In untold thousands of cases, timeshare owners have sold their weeks for pennies on the dollar – literally, Berger notes. “Consequently, many thousands of those “distressed” weeks appear to have been bought by people who previously couldn’t afford timeshares at all. And many of those people bring food with them from home, cook in their rooms, seldom if ever eat out, and buy little if anything on the island. You see evidence of this everywhere”.
Most restaurateurs Berger talked to — and most Front Street merchants – told him business this year is down 20-25% from 2014. “Why? We are totally convinced it can be traced in part back to the total failure of the Dutch side government to enact meaningful timeshare owner consumer protection legislation, which has caused many tens of thousands of timeshare owners to walk away from their timeshare weeks — and from the island itself.”
“You shouldn’t punish merchants as well,” some merchants have asserted. But fleeing timeshare owners said, “You did nothing to help us.” The island appears to have mortally wounded the goose that lays the golden egg, Berger reports rather gloomily.

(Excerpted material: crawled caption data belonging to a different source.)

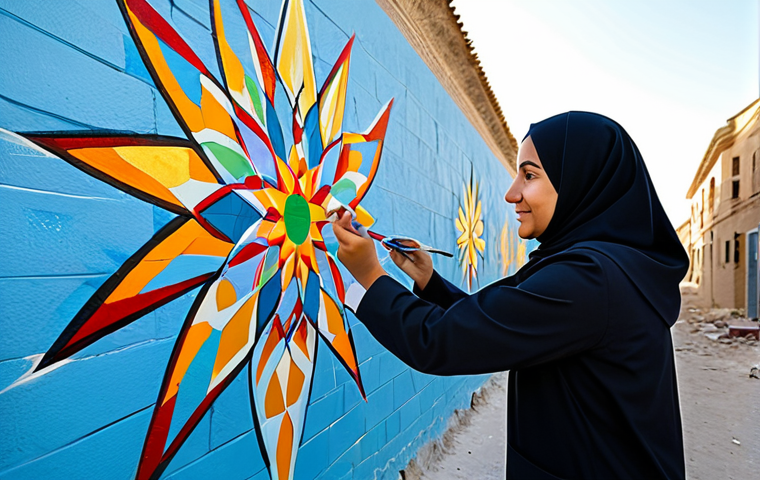 A Syrian artist, a woman in her late 30s, in modest, flowing professional attire, meticulously painting a vibrant mural on a clean, restored community wall. The mural depicts abstract symbols of hope, resilience, and cultural heritage, set within a sunlit community center. Her well-formed hands gracefully hold a paintbrush, showcasing perfect anatomy and correct proportions in a natural pose. The environment is bright and inspiring, reflecting peaceful reconstruction and the power of art. This is a professional image, appropriate content, safe for work, fully clothed, and family-friendly. High-quality photography, intricate details, realistic rendering, cinematic lighting.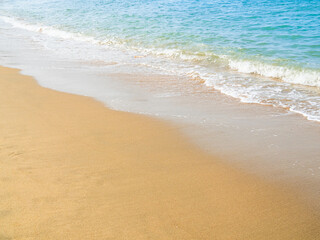 Sea Background Shore Blue Water White Sky Season Summer Tropical Ocean Beautiful Wave Seascape Vacation Smooth Wallpaper Island Outdoor Tropical Coast Sandy Nature Landscape Space for Travel Relax.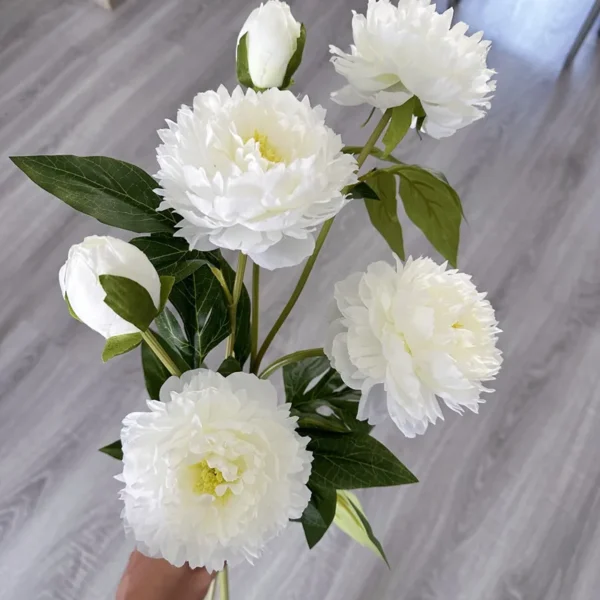 Elegant Silk Peony Branch – 3 Heads Artificial Flowers - Image 14
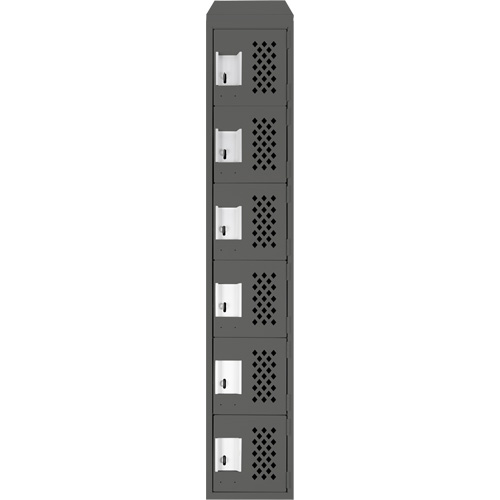 Petit casier perfor&eacute; Clean-Line, 6 niveaux, 15" x 72" x 12", Acier Maritime Industrial Rubber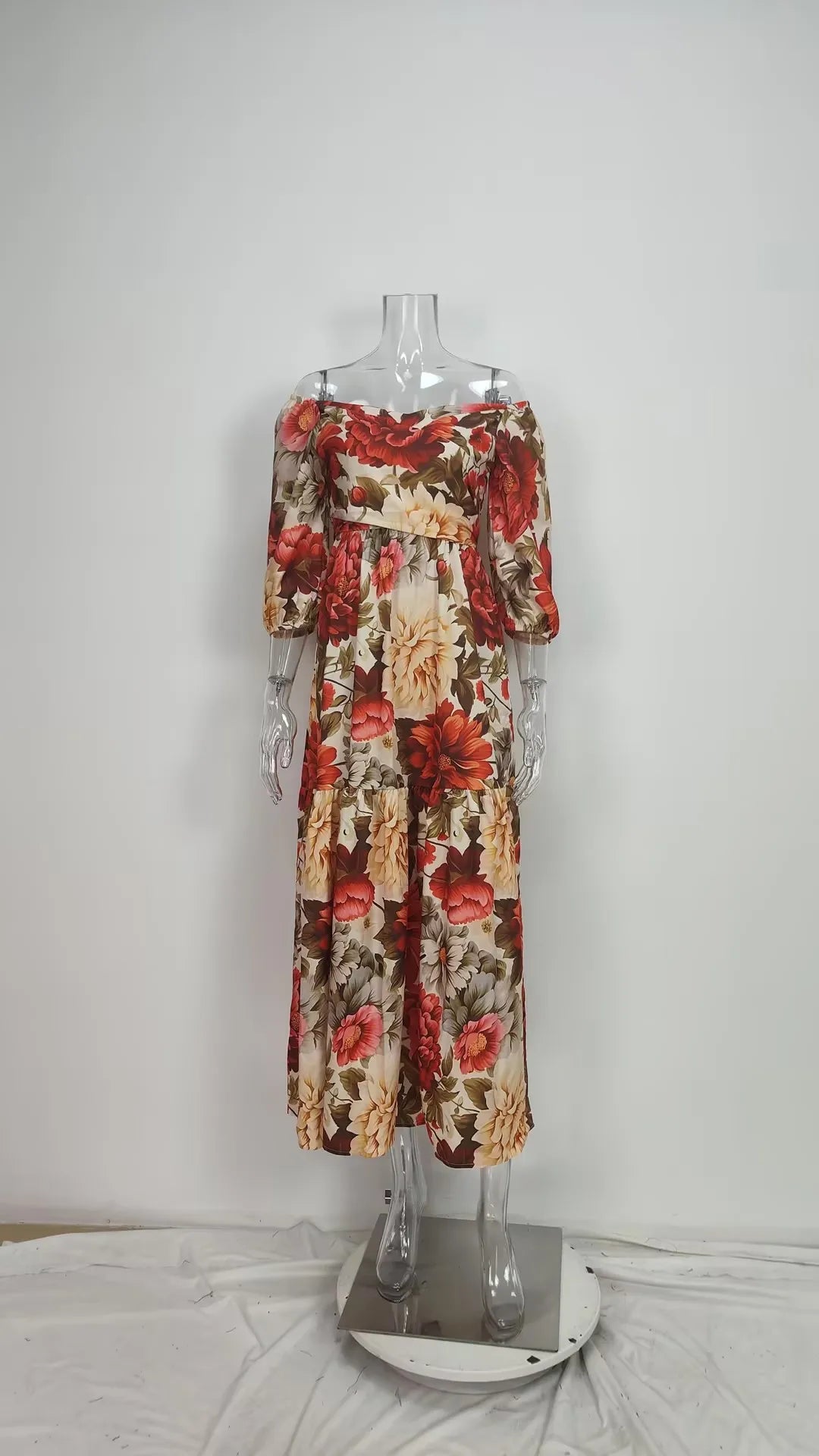 VEITCHE Summer Women Dresses Full Sleeve V Neck Print Floral Dress Loose Casual Floor Length Vestidos Spliced Bohemian Robe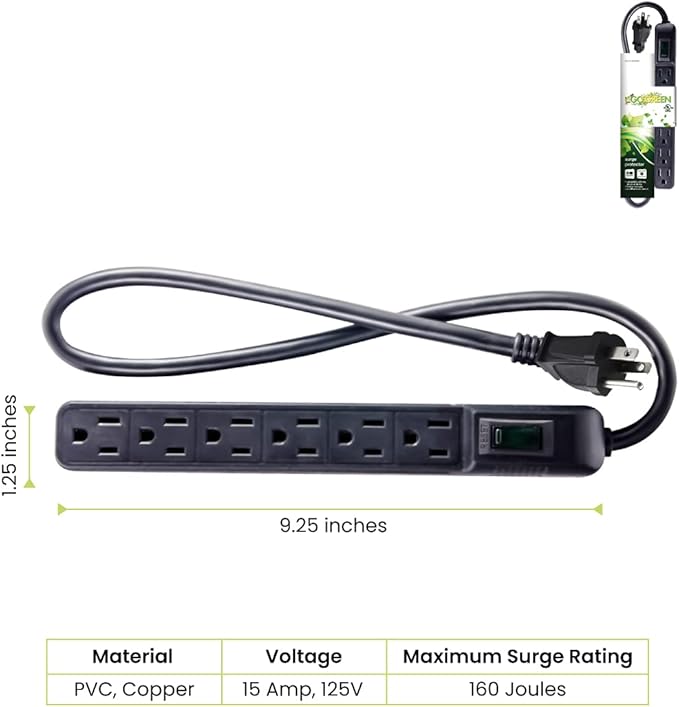 Go Green Power Inc. GG-16103MINBK 6 Outlet Surge Protector, Black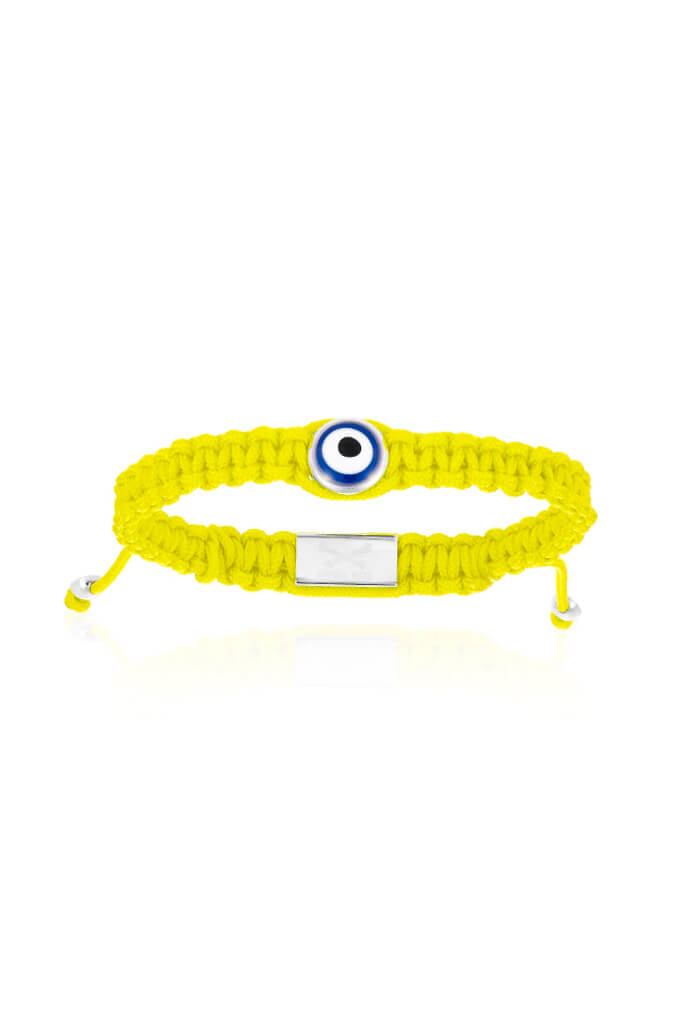 Yellow Nylon bracelet with Silver Lucky Evil Eye  S/M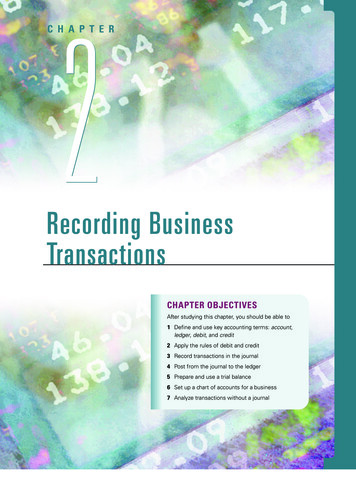 Recording Business Transactions - Pearson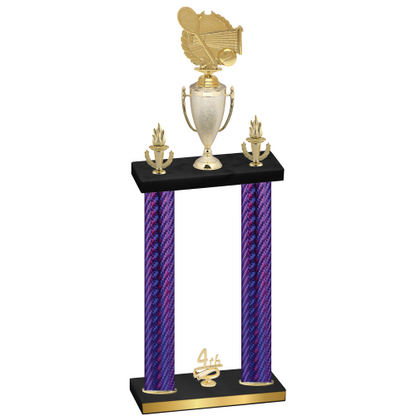 Double Purple Carbon Fiber Fourth Place Tennis Trophy
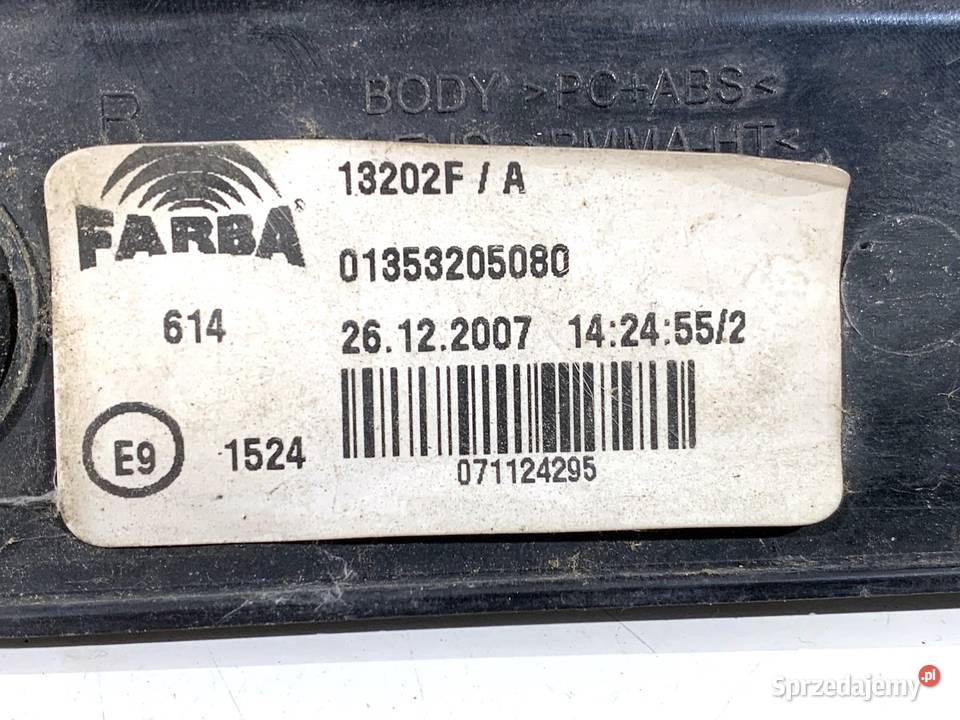 LAMPA PRAWY TYŁ CITROEN NEMO Minivan ŚWIATŁO osobowe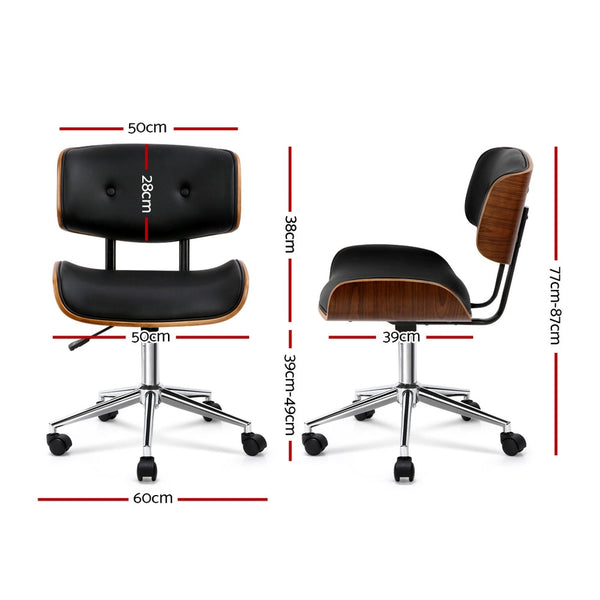 Artiss Wooden Office Chair Black Leather Artiss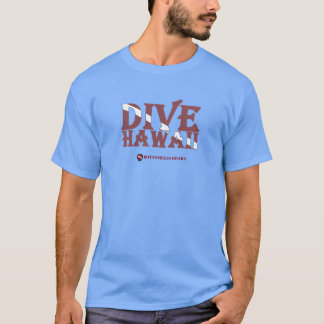 Camiseta Bandera de buceo de Hawái con fuente roja oscura a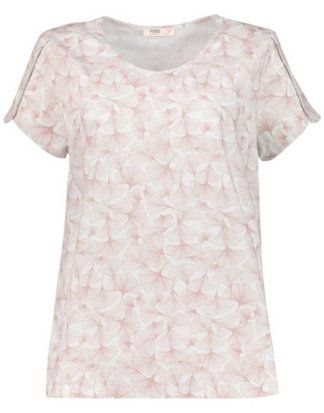Ulla Popken T-Shirt bis 60, Oberteil, T-Shirt, Shirt mit Muster, A-Linie, Kurzarm, Rundhals, Bio - Baumwolle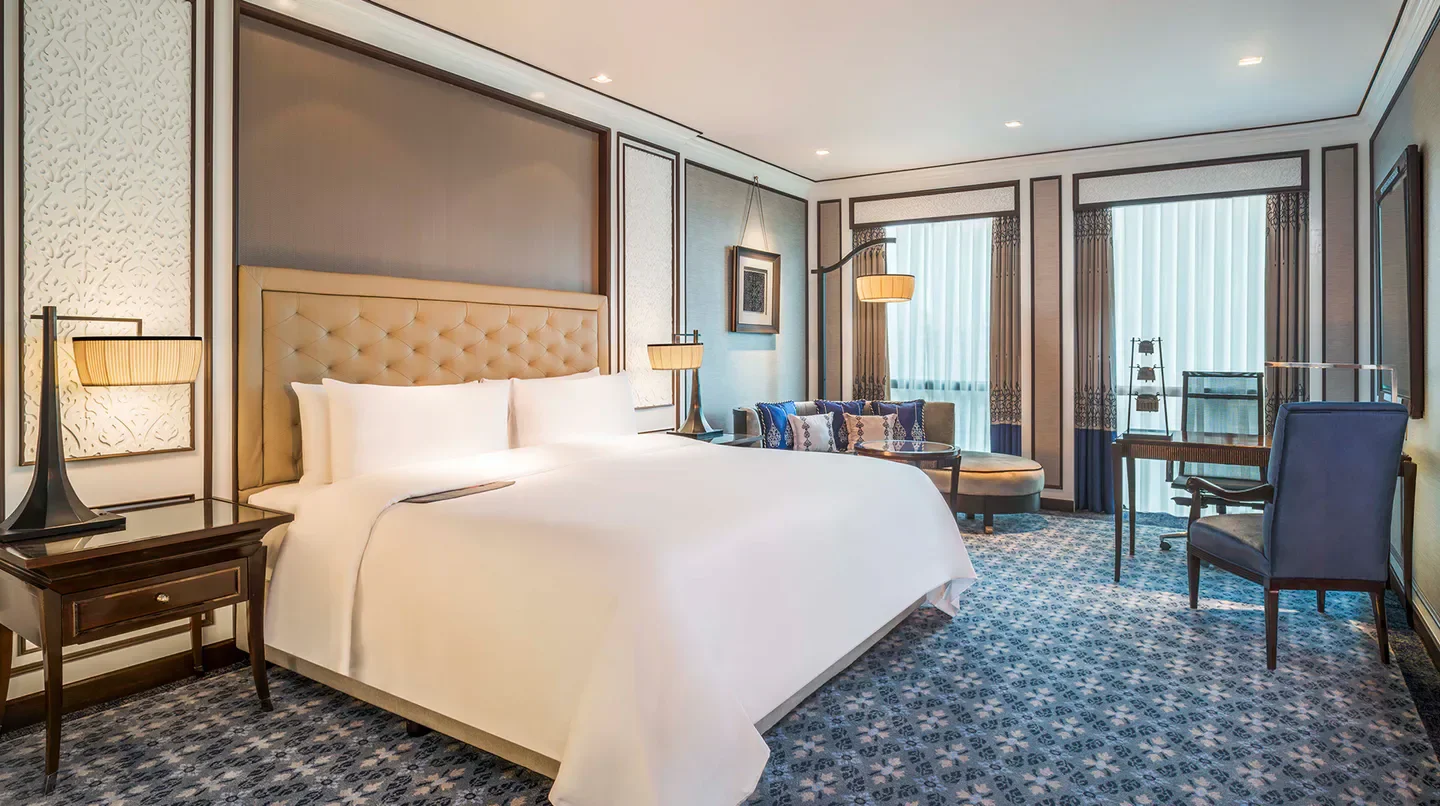 Luxury bedroom at The Athenee Hotel, A Luxury Collection Hotel in Bangkok, Thailand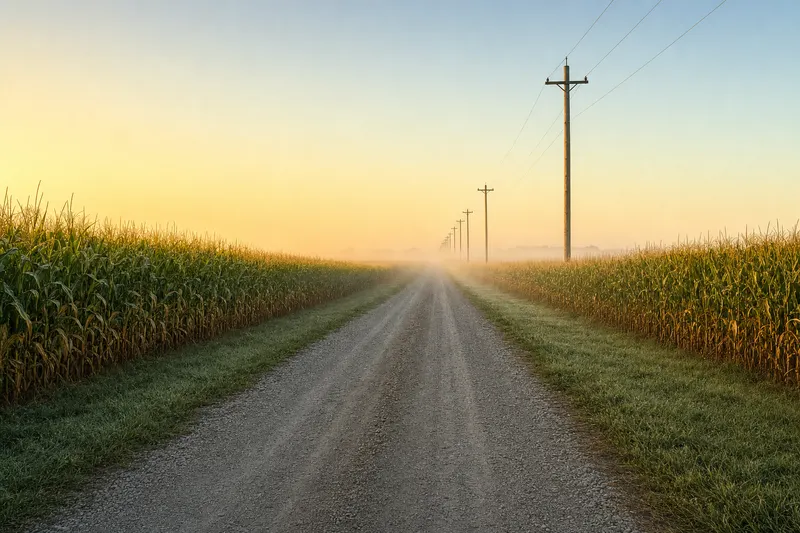 Gravel county road between late-summer cornfields at dawn in Hancock County
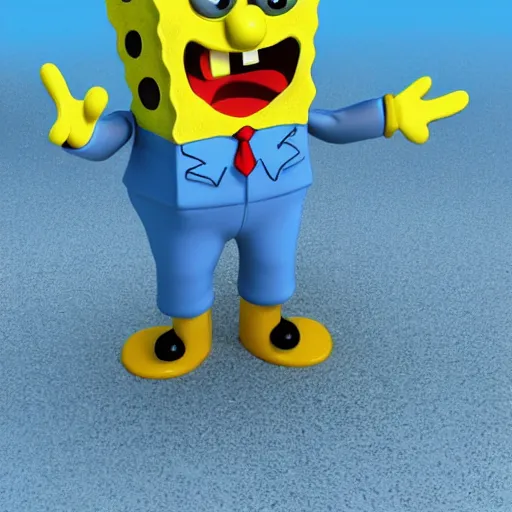 incredibly sad spongebob, 3 d render, melancholic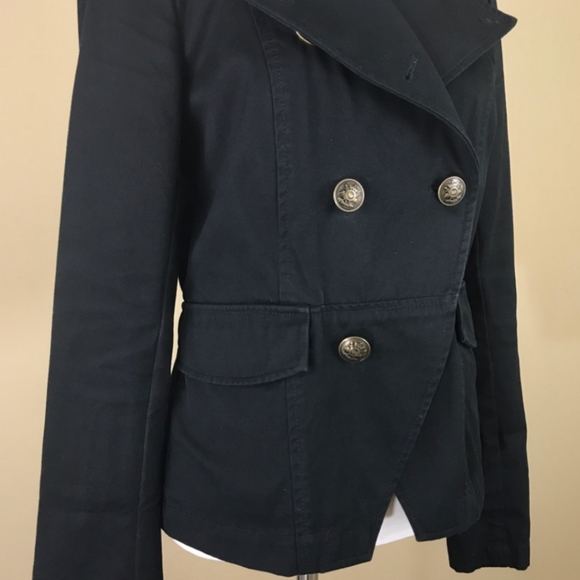 🖤 H&M Military Fitted Black Jean Jacket S/2 - Picture 3 of 7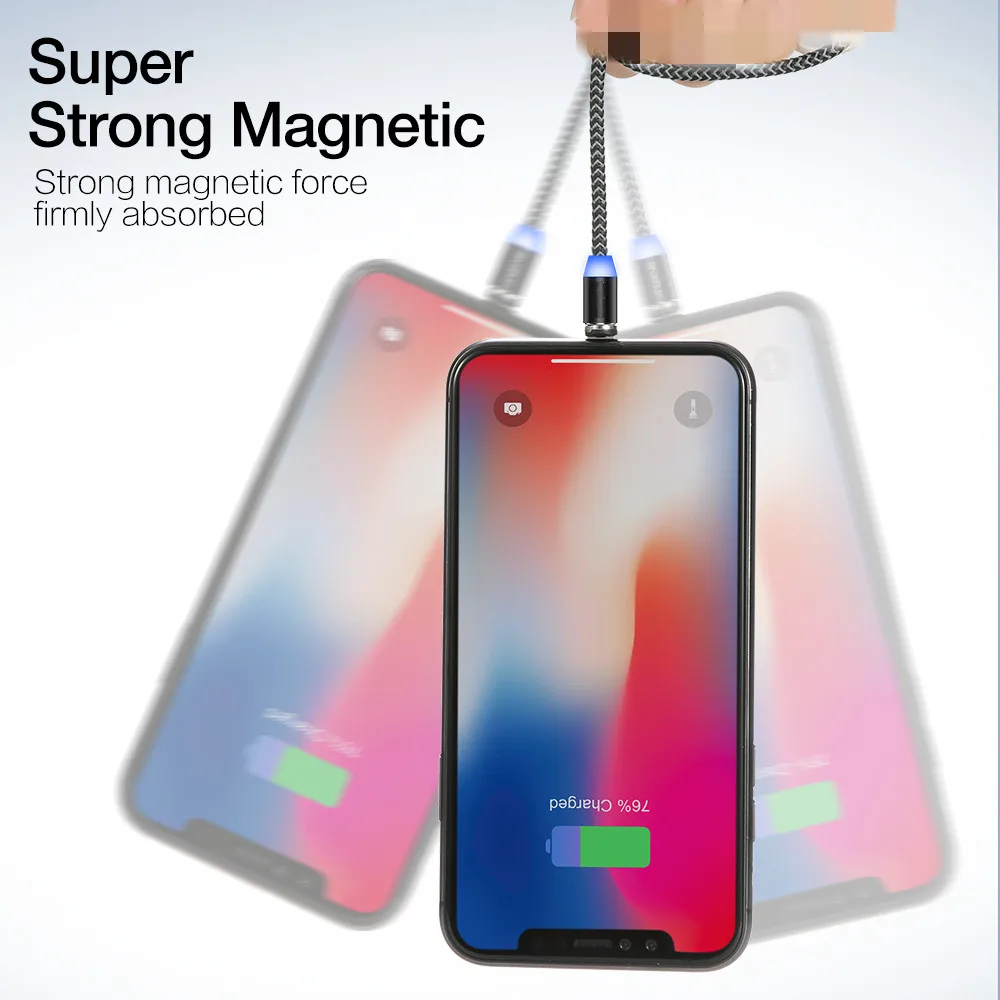 Магнитный USB кабель 1 м 2 для iPhone XS Max X XR 8 7 6 6S Plus 5 5S телефона 2.4A Быстрая зарядка iPad Mini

and there is more: Berger also addresses the cruise tourism sector. That goes like this: “Before the Great Recession, cruise lines were doing great and ordered lots of new ships. During the Great Recession, cruise lines were desperate to put warm bodies on ships and offered record low fares. Result: big ships loaded with passengers sailed into SXM, bringing upwards of 18,000 passengers some days. Bottom line: the low demographic of many of these passengers delivered hordes of window-shoppers to town, keeping stayover tourists (remember them? They’re timeshare owners) out of town because of the congestion. So, few sales.”
Most jewelers Berger talked to said business was down big time last year, 20-25%. “SXM has concentrated on attracting more cruise ship passengers and it got exactly what it wished for, but that demographic does not buy. The harbor, a government business, saw a rental opportunity near the port so it rented properties to a few businesses there. Shoppers visit those shops, then get lured to the airport or Orient Beach instead of Front Street. Result: major drops in retail sales downtown, which translates into drops of turnover tax those businesses pay the government. All of this is a major reason the government keeps claiming poverty — poverty it caused by focusing on attracting hordes of cruise passengers who don’t buy anything, instead of supporting timeshare owners who have historically spent a lot on each trip.”
Despite its problems, the government needs to solve this quickly. It has an elephant knocking on the door and that elephant will soon enter the room. Its name: Cuba. Things are not going to get any easier,” Berger warns.